A major benefit of this change is that queries can be executed in parallel. This means that queries against non-indexed columns can run faster than previously by a factor of as much as 5 to 10 times, times the number of data nodes, because multiple CPUs can work on the query in parallel.
You can use EXPLAIN
to determine when
condition pushdown is being used. See
Section 7.2.1, “Optimizing Queries with EXPLAIN
”.
Decreased
IndexMemory
Usage: In MySQL
5.0, each record consumes approximately 25
bytes of index memory, and every unique index uses 25 bytes
per record of index memory (in addition to some data memory
because these are stored in a separate table). This is
because the primary key is not stored in the index memory
anymore.
Query Cache Enabled for MySQL Cluster: See Section 5.14, “The MySQL Query Cache”, for information on configuring and using the query cache.

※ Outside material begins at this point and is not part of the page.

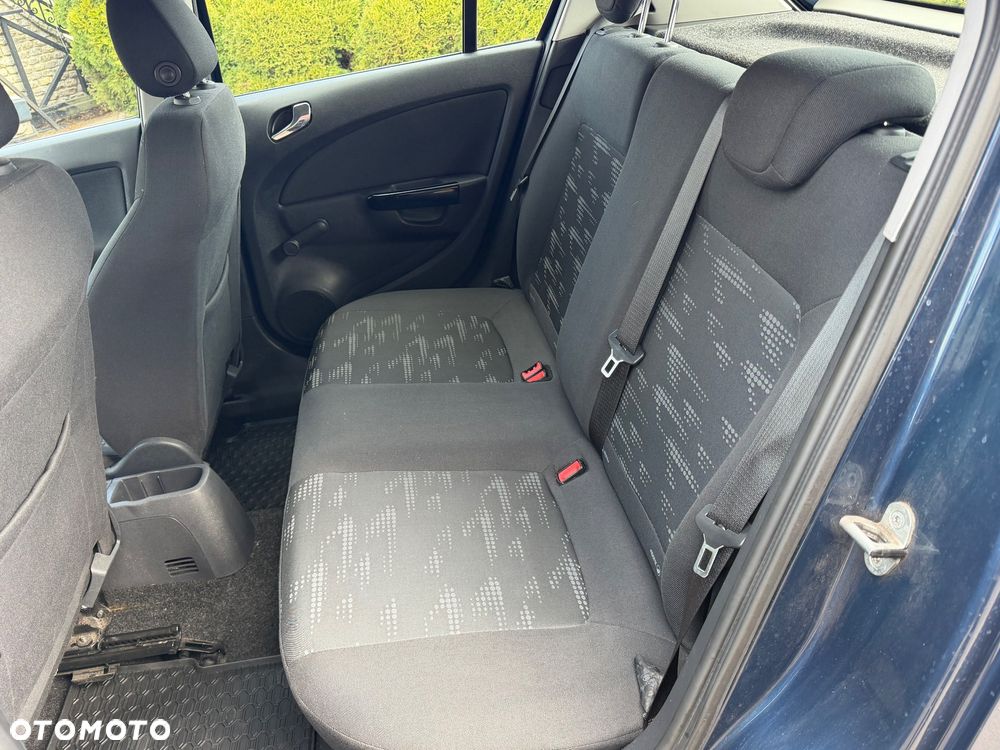 Opel Corsa 1.4 16V Cosmo - 17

New Optimizations: One optimization that merits particular attention is that a batched read interface is now used in some queries. For example, consider the following query:
SELECT * FROM t1 WHERE primary_key
IN (1,2,3,4,5,6,7,8,9,10);
This query will be executed 2 to 3 times more quickly than in previous MySQL Cluster versions due to the fact that all 10 key lookups are sent in a single batch rather than one at a time.
Limit On Number of Metadata
Objects: Beginning with MySQL 5.0.6, each Cluster
database may contain a maximum of 20320 metadata objects
— this includes database tables, system tables,
indexes and BLOB
values. (Previously,
this number was 1600.)
What is said here is a status report based on recent commits to the MySQL 5.1 source tree. It should be noted all 5.1 development is subject to change.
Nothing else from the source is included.